The emails weren’t the first sign of unrest: Nearly a month before the emails were made public, the players brought their complaints to RFEF president Luis Rubiales.
Spanish national team captains Alexia Putellas and Irene Paredes, though not part of the group that originally emailed the federation, have expressed support for their teammates. Putellas released a statement protesting RFEF’s decision to publicize the situation on Twitter in September, stating that she stands with her teammates.
Despite the dispute, both Putellas and Paredes are on the roster to play for Spain on the world’s stage this week. They are joined by Aitana Bonmatí, Ona Batlle and Mariona Caldentey, who were part of the squad that sent emails to the federation. Otherwise, Vilda has called up different players to fill the spots of Spain’s 23-member squad.
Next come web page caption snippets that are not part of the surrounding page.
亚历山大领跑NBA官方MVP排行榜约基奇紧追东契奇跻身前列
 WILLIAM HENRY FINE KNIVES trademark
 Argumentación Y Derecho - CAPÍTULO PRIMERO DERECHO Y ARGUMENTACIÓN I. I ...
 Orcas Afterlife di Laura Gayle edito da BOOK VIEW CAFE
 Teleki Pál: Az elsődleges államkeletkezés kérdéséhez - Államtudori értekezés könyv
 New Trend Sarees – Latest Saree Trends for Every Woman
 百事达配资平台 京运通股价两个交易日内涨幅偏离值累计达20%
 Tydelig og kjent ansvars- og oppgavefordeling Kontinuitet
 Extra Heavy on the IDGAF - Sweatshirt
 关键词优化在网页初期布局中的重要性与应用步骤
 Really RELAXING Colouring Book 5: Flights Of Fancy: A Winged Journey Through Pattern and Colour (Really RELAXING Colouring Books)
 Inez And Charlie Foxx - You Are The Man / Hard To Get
The situation has added to Putellas’ slew of difficulties in the past year. Besides navigating the discord between the squad and the RFEF, Putellas was out with an injury for most of last season after tearing her ACL. Prior to the injury, she was on track to lead Spain as captain in the 2022 Euro championships. Now returning to play after a major injury, Putellas, who took home two Ballon d’Or awards, 27 league titles and five Champions league trophies, returns to a fractured team.
With the World Cup kicking off July 20, the boycott and the controversy surrounding it will increasingly be in the spotlight as one of the major storylines heading into the tournament. Spain will face Costa Rica in its first World Cup match in New Zealand on July 21.